Ten Tips To Complete Before the HIPAA Deadline

With fewer than 90 days left before all of the HIPAA revisions begin enforcement, Health Centers should be well on their way to compliance. If you are not, here are a quick dozen things you should get started on:

Do an inventory of your PHI

One of the major problems many facilities have is that they don’t have a good idea of what private information they have. If you already did an inventory and it is more than two years old, do it again. You need to know what information you have, what form it is in, how it is acquired, how it is used, how it is stored, and who has access to it.

Do a risk assessment/gap analysis

HIPAA requires a risk assessment that identifies potential risks and gaps in your system to protect against those risks for HIPAA privacy rules, HIPAA security rules, and non-HIPAA exposures under state laws and professional liability theories. Meaningful use criteria also require a risk assessment. This assessment should include processes and systems, but it should also include risks from your workforce. With workforce errors being high on the list of causes for data breaches, exposure to honest mistakes and intentional violations must be anticipated. Repeat every two years or in the event of a substantial change (such as adopting an EHR) or privacy/security incident.

Prepare a risk management plan

Risk management is an important part of the “Redeeming” application. It is the part where the Board has considered the risk assessment and decided what process the CHC will follow to address the risks and gaps. In the event of an audit or investigation, the OCR will want evidence of leadership involvement, a written plan, and effective implementation.

Prepare or update your policies and procedures

Policies and procedures need to be reviewed at least annually and every time CMS alters the HIPAA rules or issues an interpretation. They need to be kept current and carefully coordinated to prevent gaps and inconsistencies. The policies should address privacy, breach, and security, as well as training, monitoring, and discipline. They should be created by and for your facility. Purchased templates have definite flaws: 1) One size never fits anyone; 2) You are not invested in their creation; 3) They sit on the shelf and are never reviewed; 4) …And they never are followed closely enough to avoid violations.

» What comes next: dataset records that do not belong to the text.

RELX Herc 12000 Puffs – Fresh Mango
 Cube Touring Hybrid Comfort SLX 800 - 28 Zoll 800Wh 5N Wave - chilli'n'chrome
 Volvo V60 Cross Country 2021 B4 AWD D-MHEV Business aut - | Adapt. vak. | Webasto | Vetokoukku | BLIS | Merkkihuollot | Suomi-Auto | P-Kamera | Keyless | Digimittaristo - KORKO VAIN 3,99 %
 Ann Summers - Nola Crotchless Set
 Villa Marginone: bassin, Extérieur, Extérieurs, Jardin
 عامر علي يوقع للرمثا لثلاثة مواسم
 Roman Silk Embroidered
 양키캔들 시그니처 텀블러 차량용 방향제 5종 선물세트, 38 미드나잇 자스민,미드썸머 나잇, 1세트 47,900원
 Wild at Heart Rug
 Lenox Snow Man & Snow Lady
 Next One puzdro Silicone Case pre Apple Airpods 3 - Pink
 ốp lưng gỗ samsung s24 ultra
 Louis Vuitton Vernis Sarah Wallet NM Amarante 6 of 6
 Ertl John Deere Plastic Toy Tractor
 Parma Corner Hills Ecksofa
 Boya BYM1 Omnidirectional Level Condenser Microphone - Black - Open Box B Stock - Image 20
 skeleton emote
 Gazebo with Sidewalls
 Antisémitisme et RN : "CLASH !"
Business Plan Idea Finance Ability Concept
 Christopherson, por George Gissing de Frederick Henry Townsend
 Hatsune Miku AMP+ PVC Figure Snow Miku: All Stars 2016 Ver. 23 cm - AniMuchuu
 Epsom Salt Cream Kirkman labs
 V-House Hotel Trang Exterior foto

Have a policy on data retention and follow it. Systematically destroy documents that you no longer need. More data means more potential liability.

Have a policy on litigation holds. This becomes much more difficult when you go to EHR, so talk to your vendor, your gap insurance risk management folks, FTCA consultants, and/or your cyber-insurance carrier about what they can suggest for your current records system.

Have a policy on criminal background checks. Do them on everyone.

Have policies on physical security, portable media, taking records out of the office, remote access, BYOD, laps tops, cell phones, social media, etc.

Now train, train, train

One of the most common violations for all of the federal regulations is a failure to properly and “adequately” train providers and employees. OCR will expect that employees and providers are properly trained through an orientation process prior to assuming their duties and that they will be retrained at least annually. They also must be retained when policies and procedures change.

Training is important, but it also must be relevant and useful or it is quickly forgotten or ignored. The most effective training is provided to staff with similar functions and tightly focused on just those aspects of the law and policies that apply to their job. Real life examples also improve performance a great deal.

I suggest that data breach procedures be presented in separate training sessions from privacy and security general training. Getting everything in at once may help the schedule, but generally trashes any hope of long term information retention.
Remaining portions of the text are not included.